On Oct. 28, alumna Ellen Cohen ’82 hosted a conversation with the Brandeis Women’s Network about the difficulties women may face in the workplace and other professional settings, and how to overcome these challenges. Cohen is an executive leadership and mindset coach and a former entertainment attorney. She works with corporate executive attorneys across many industries to elevate their influence and effectiveness. 

The discussion explored the "Five Pillars of Influence" using case studies to identify real strengths and weaknesses of the pillars. The five pillars can be explained through the acronym C.L.I.M.B –– credibility, leadership presence, professional identity, leadership mindset and building relationships.

Credibility is the “most foundational and shows up in all the pillars,” said Cohen. She continued to explain that credibility is “how others view us and value our expertise.” She shared in her presentation that credible people are competent, innovative and strategic leaders who are experts in a subject matter. In addition to identifying important traits for success, Cohen also helped people take note of their weaknesses and how they can address them. For example, if one is struggling with credibility, they can increase their business and operational knowledge, be thorough and predictable and build trust in others, she explained. 

The second of the five pillars is leadership which highlights confidence through communication. In this pillar, Cohen explains that it is important to “focus on what people may hear, read or perceive” and “how much emotion is embedded in your communication.” Cohen also emphasized that sometimes it is key to “listen more, speak less.”

“Professional identity … is the most critical to the concept of getting a seat at the table,” Cohen said. With professional identity, one needs to know what sets them apart from other executives. “You want to develop a mission statement about your identity, role and responsibilities,” Cohen added. Additionally, collaborating, making an effort to build relationships and create value and understanding are important parts for a professional identity. It is also crucial that one knows how to serve their clients, she said. 

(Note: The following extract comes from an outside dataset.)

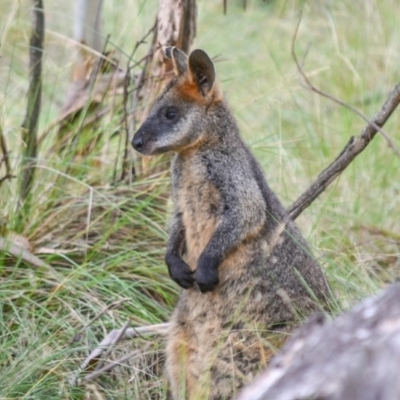 Wallabia bicolor (Swamp Wallaby) at Tidbinbilla Nature Reserve - 12 Jan 2019 by frostydog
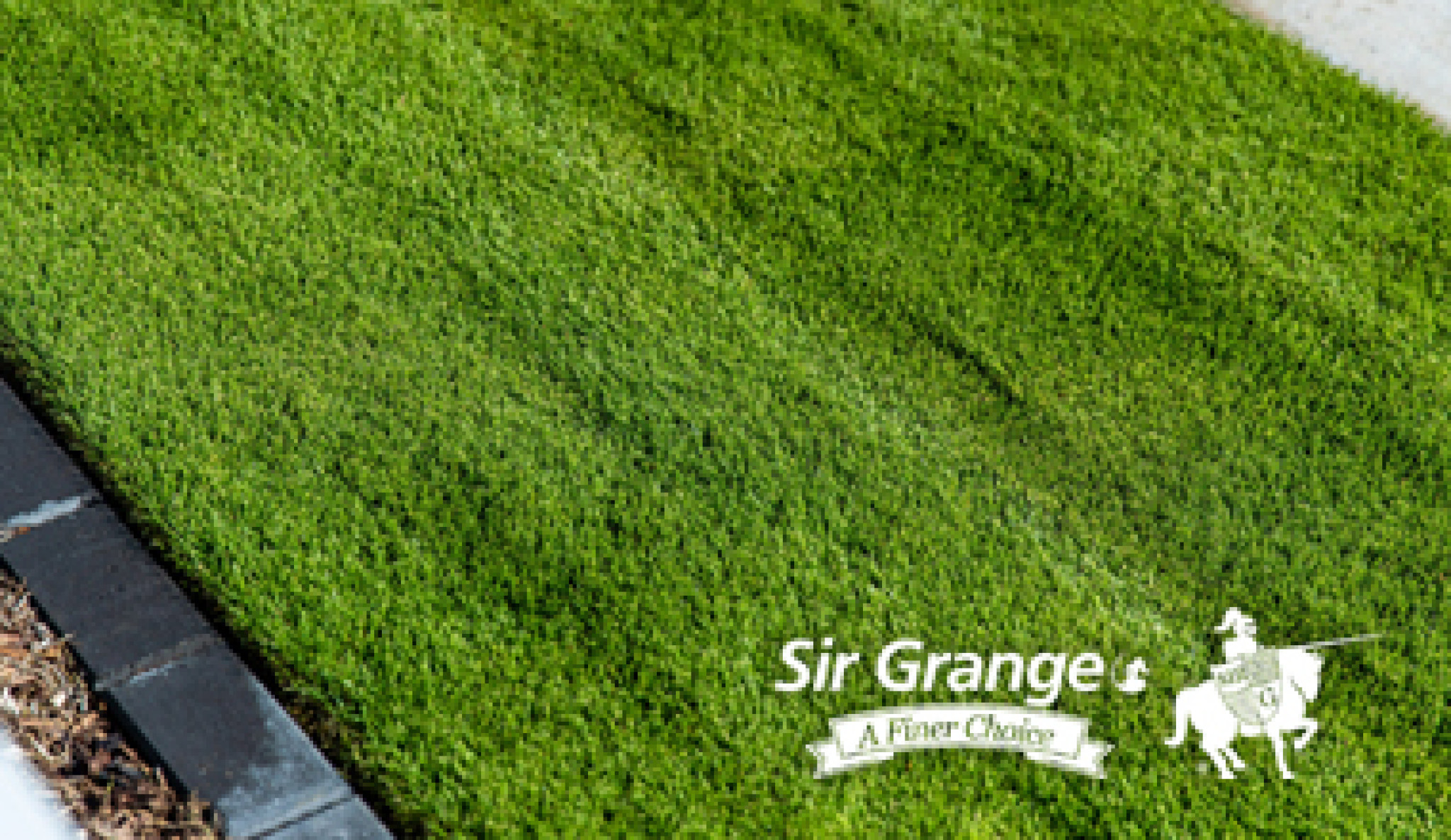 sir-grange-zoysia.jpg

The leadership mindset pillar is the “internally focused pillar,” Cohen said. This pillar contains the skills of a balancing, persevering, empathetic and compassionate person. This person also exhibits leadership, calm, confidence and focus and is able to respond to change and volatility, all according to her slideshow. It is important that business leaders can “[manage] through change … learning to be adaptable and accept change as a gifted opportunity,” she said. Having a leadership mindset is all “about developing critical thinking with your team” and “being that role model and not taking credit for others’ work,” as well as “owning your errors,” Cohen emphasized. 

The final pillar is building relationships. This entails creating connections to all levels and roles within the organization as well as taking responsibility for any problematic relationships. 

This pillar emphasizes an individual's need to serve as a trusted mentor. Another crucial aspect of this pillar is “building trust and listening with that curiosity and empathy,” Cohen said. 

The webinar concluded with an opportunity for participants to ask questions. One participant asked for advice for young female executives. Cohen stressed the importance of confidence and influence, explaining that “if you have that credibility, you can show up with that leadership presence.”